> [Assignment] Please return all records verbatim, no pictures.

Records excerpted from a collection

....

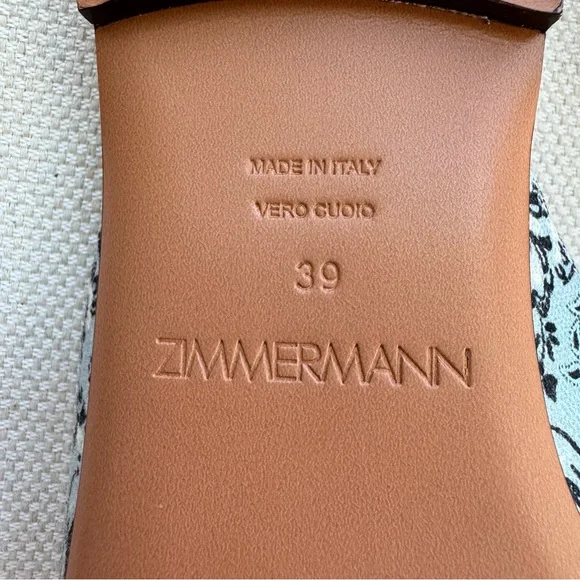 NEW $875 Zimmerman Aura Linen Leather Blue Paisley-Print Pointed Toe Mules 8.5 - Picture 7 of 16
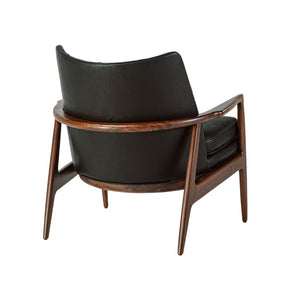 Thayer Coggin Milo Baughman Craper Chair Black Leather Tufted with Walnut Frame Back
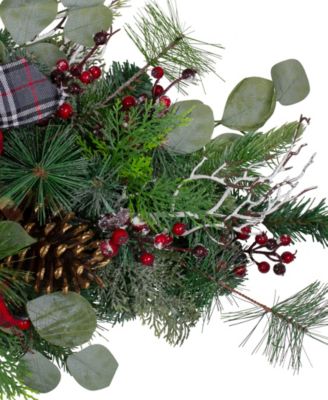 36" Dual Plaid Bows and Red Berries Artificial Christmas Swag Unlit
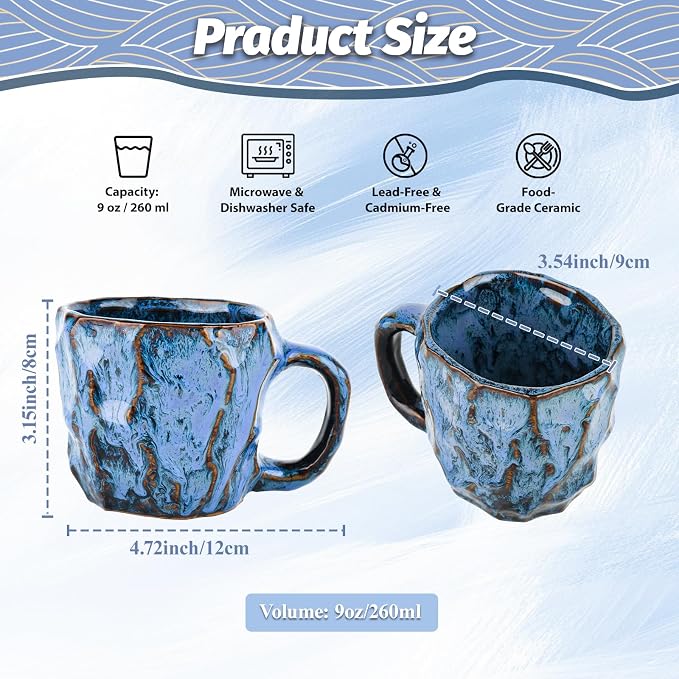 DorkTees 9oz Handmade Reactive Glaze Stoneware Coffee Mug, Luxury Rustic Textured Cup with Handle, High-Fired Ceramic Mug, Microwave & Dishwasher Safe, Gift for Coffee Lovers. (Yellow)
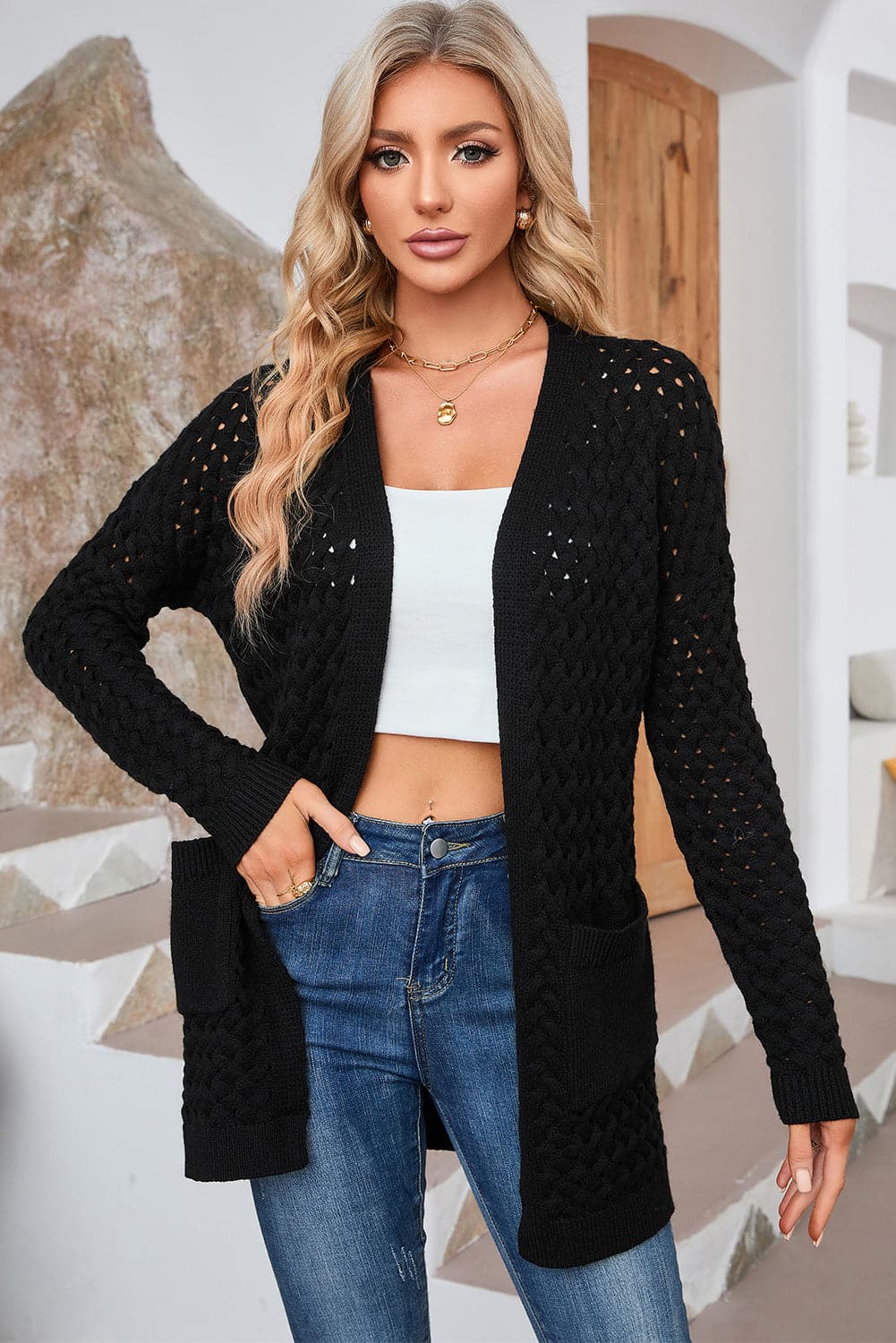 Open Front Dropped Shoulder Cardigan with Pockets.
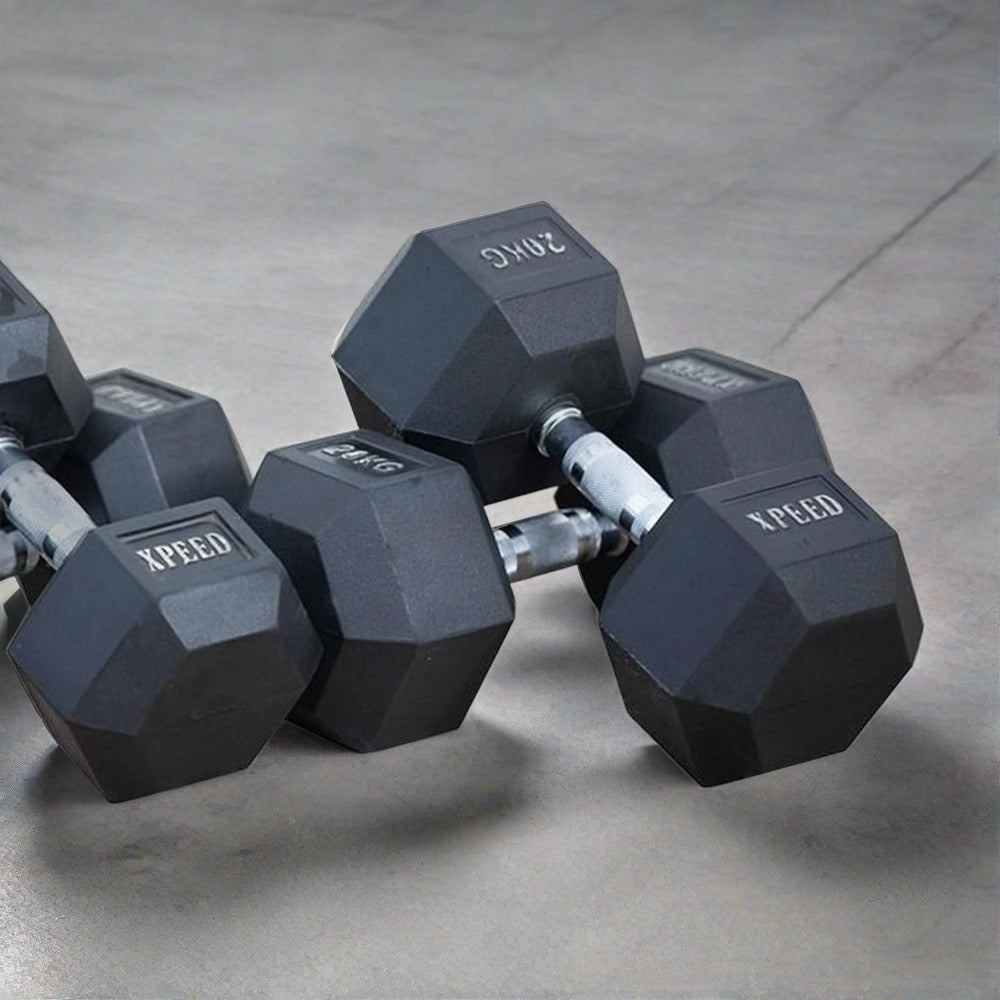 Xpeed - Rubber Hex Dumbbell - SINGLE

....

> [Problem solution]
 NEW $875 Zimmerman Aura Linen Leather Blue Paisley-Print Pointed Toe Mules 8.5 - Picture 7 of 16
 Thayer Coggin Milo Baughman Craper Chair Black Leather Tufted with Walnut Frame Back
 36" Dual Plaid Bows and Red Berries Artificial Christmas Swag Unlit
 DorkTees 9oz Handmade Reactive Glaze Stoneware Coffee Mug, Luxury Rustic Textured Cup with Handle, High-Fired Ceramic Mug, Microwave & Dishwasher Safe, Gift for Coffee Lovers. (Yellow)
 Open Front Dropped Shoulder Cardigan with Pockets.
 Xpeed - Rubber Hex Dumbbell - SINGLE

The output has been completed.